Prompt → Transcribe the listing below verbatim, omitting pictures.

Information →
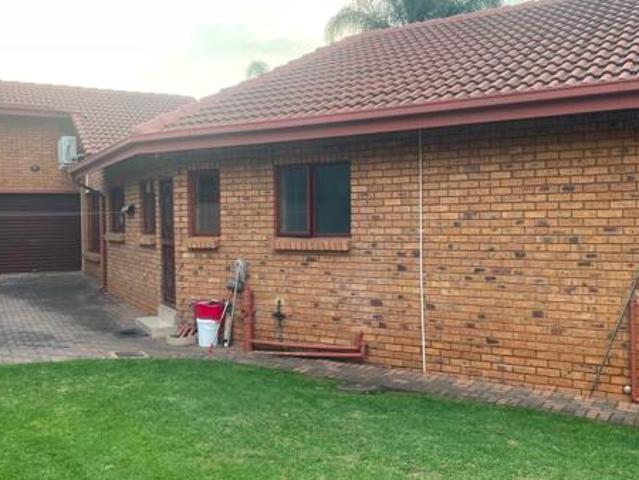 3 Bedroom House in Eldoraigne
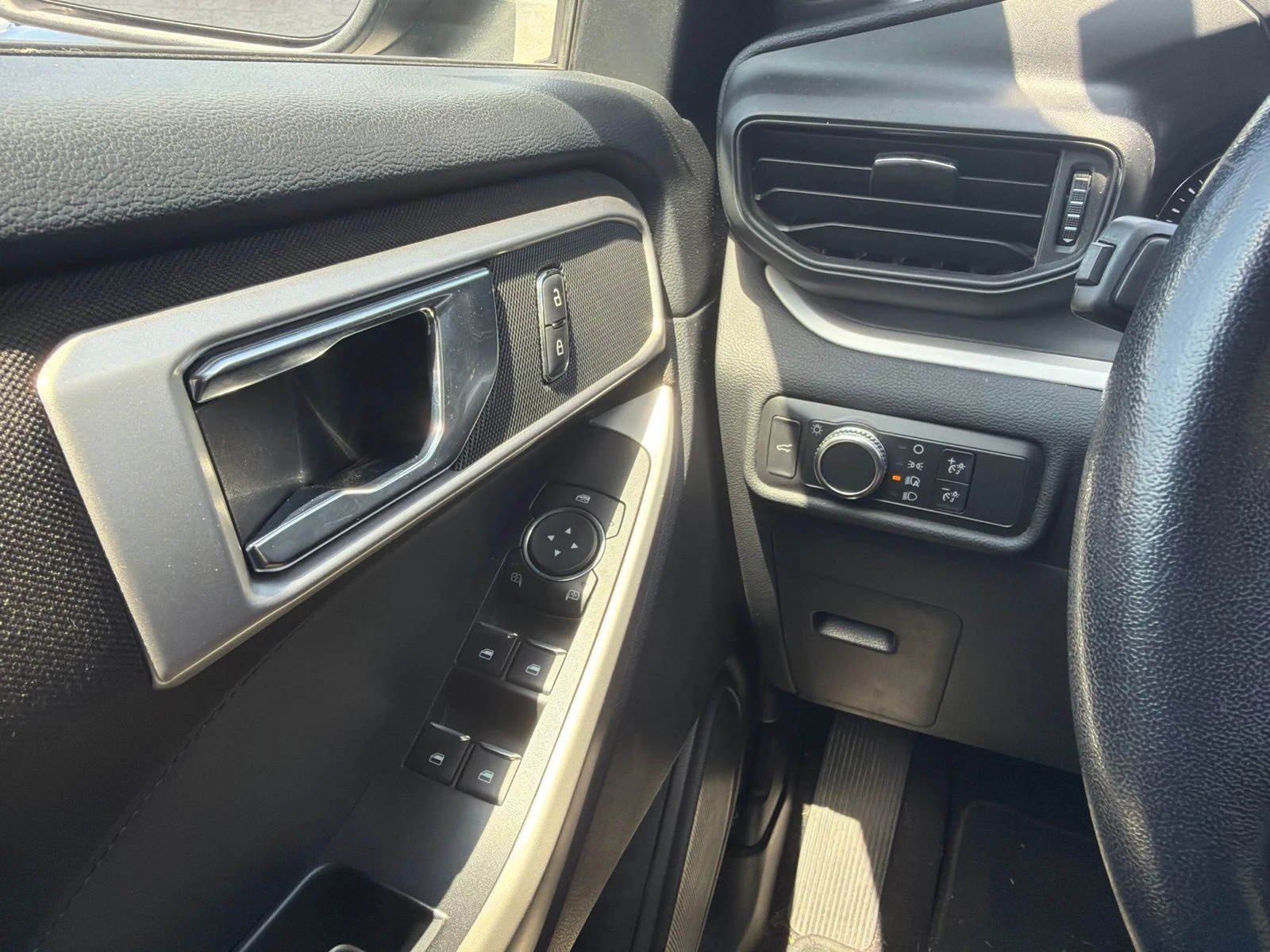Used 2020 Black Metallic Ford XLT image 23
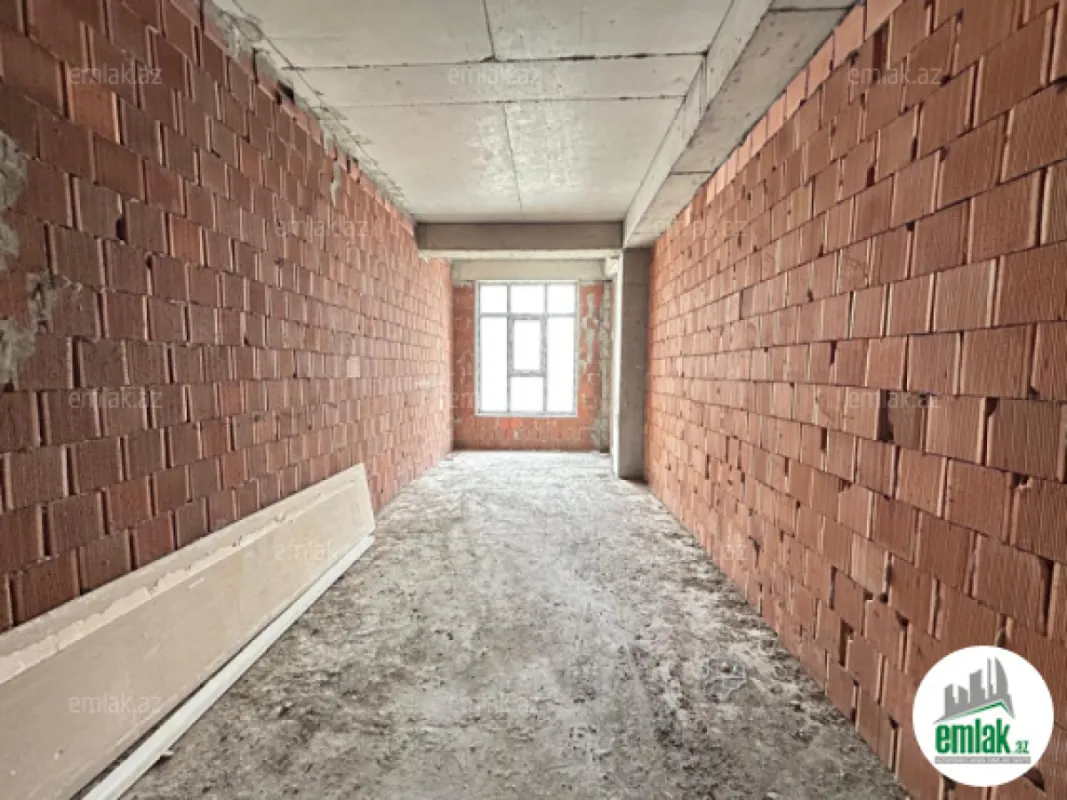 Satılır 4 otaqlı yeni tikili 142.3 m²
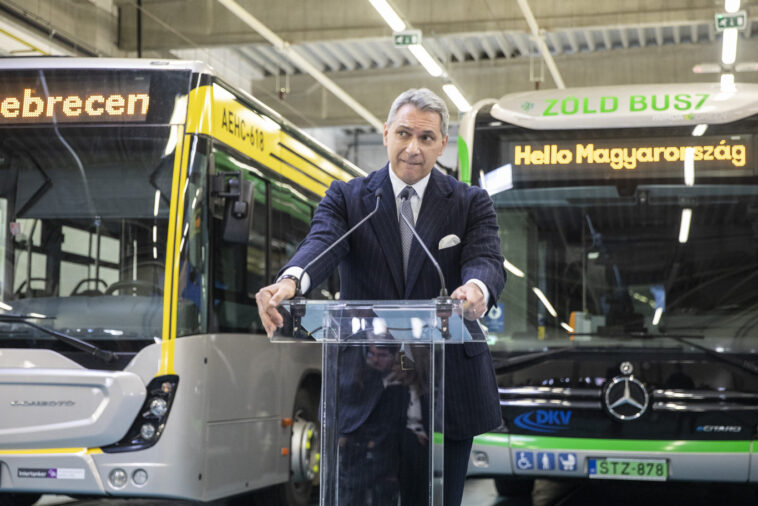 Megállapodott Lázár és Karácsony, marad a Budapest-bérlet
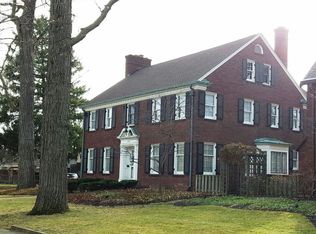 1231 Wayne St, Sandusky, OH 44870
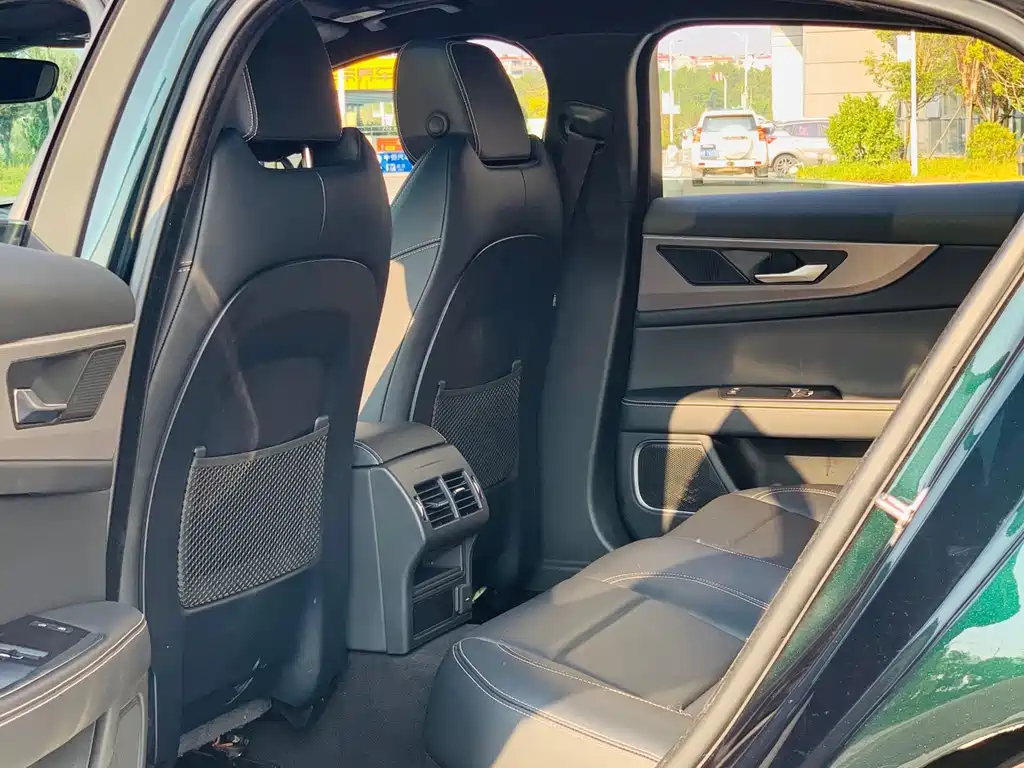 Jaguar XEL — миниатюра 18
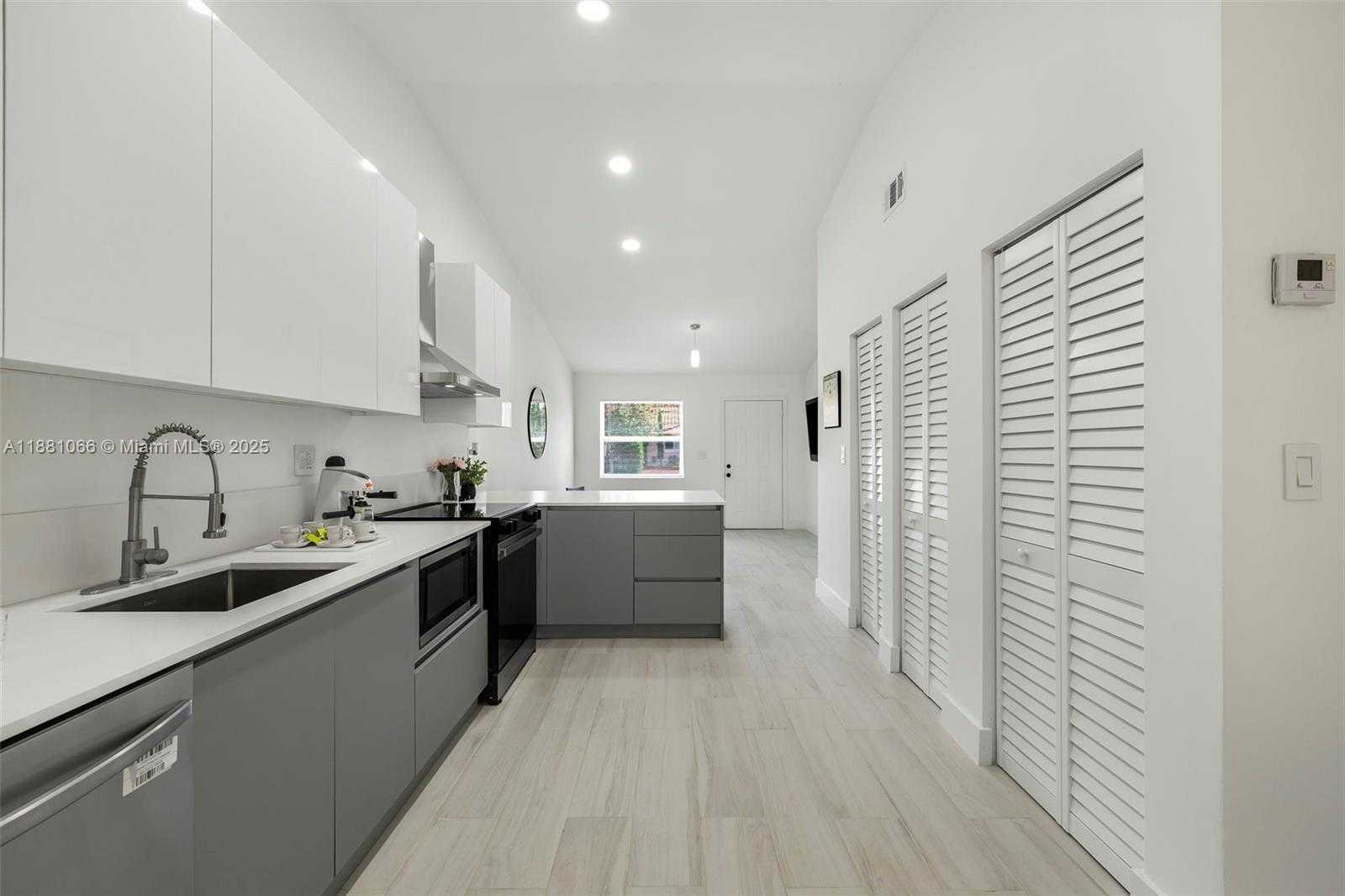 Small Image of 6020 WEST 22ND LANE, Hialeah Number 6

Answer for this exercise →
 3 Bedroom House in Eldoraigne
Used 2020 Black Metallic Ford XLT image 23
 Satılır 4 otaqlı yeni tikili 142.3 m²
 Megállapodott Lázár és Karácsony, marad a Budapest-bérlet
 1231 Wayne St, Sandusky, OH 44870
 Jaguar XEL — миниатюра 18
 Small Image of 6020 WEST 22ND LANE, Hialeah Number 6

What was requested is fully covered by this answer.